Images do not belong in the copy. Retype all the entries below exactly.

MATERIAL PROVIDED Start Marker

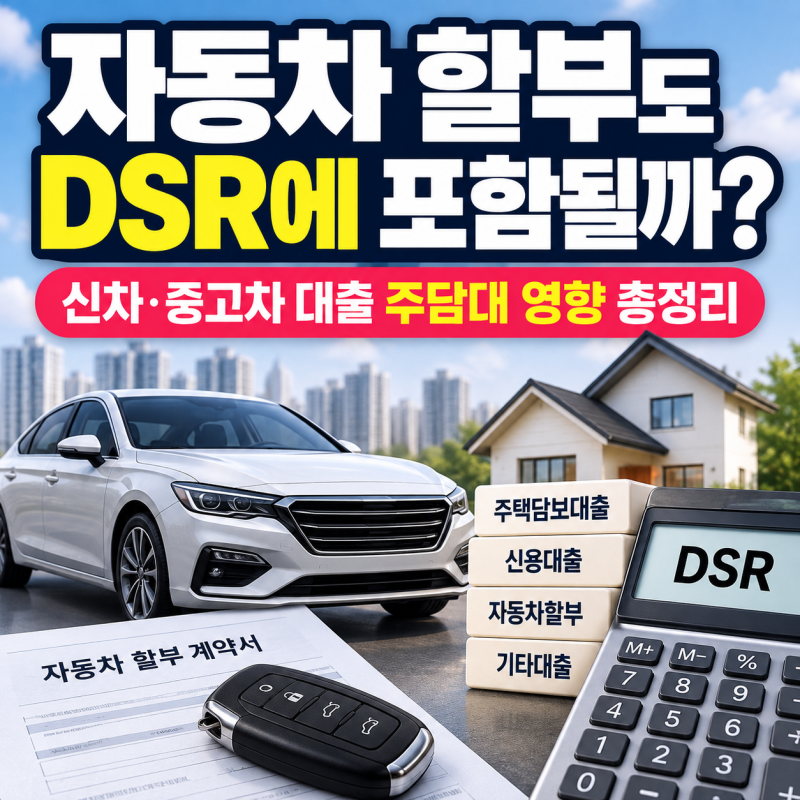 자동차 할부도 DSR에 포함될까? 신차·중고차 대출 주담대 영향 총정리
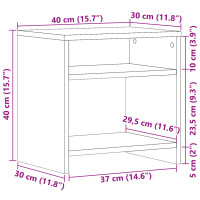 Produktbild för Sängbord 2 st ek 40x30x40 cm konstruerat trä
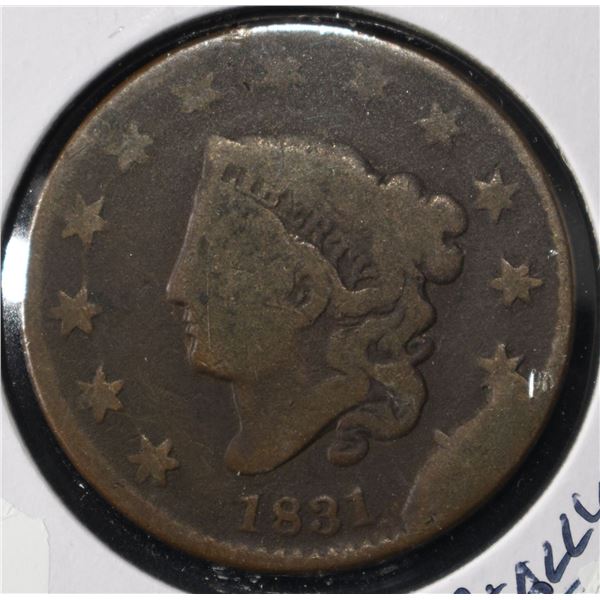 1831 CORONET HEAD LARGE CENT FINE REALLY COOL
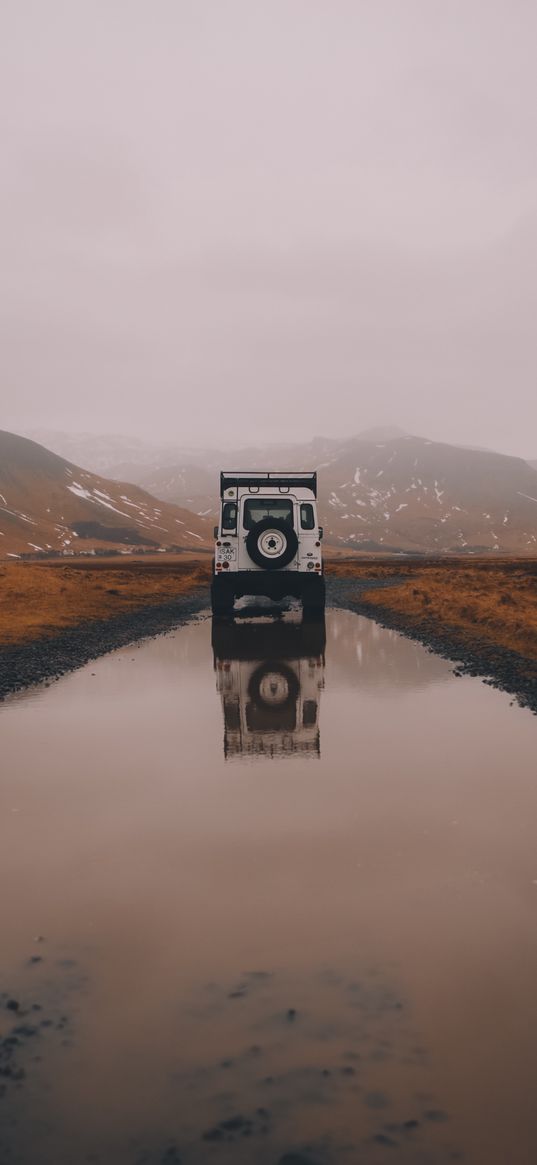 car, suv, puddle, mountains, fog, nature, iceland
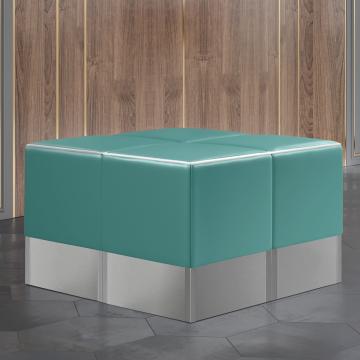 CUBO | Bistro Hockerbank | Türkis | Leder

MATERIAL PROVIDED End Marker

(SOLUTION TO THE EXERCISE):
 자동차 할부도 DSR에 포함될까? 신차·중고차 대출 주담대 영향 총정리
 Produktbild för Sängbord 2 st ek 40x30x40 cm konstruerat trä
 1831 CORONET HEAD LARGE CENT FINE REALLY COOL
 car, suv, puddle, mountains, fog, nature, iceland
 CUBO | Bistro Hockerbank | Türkis | Leder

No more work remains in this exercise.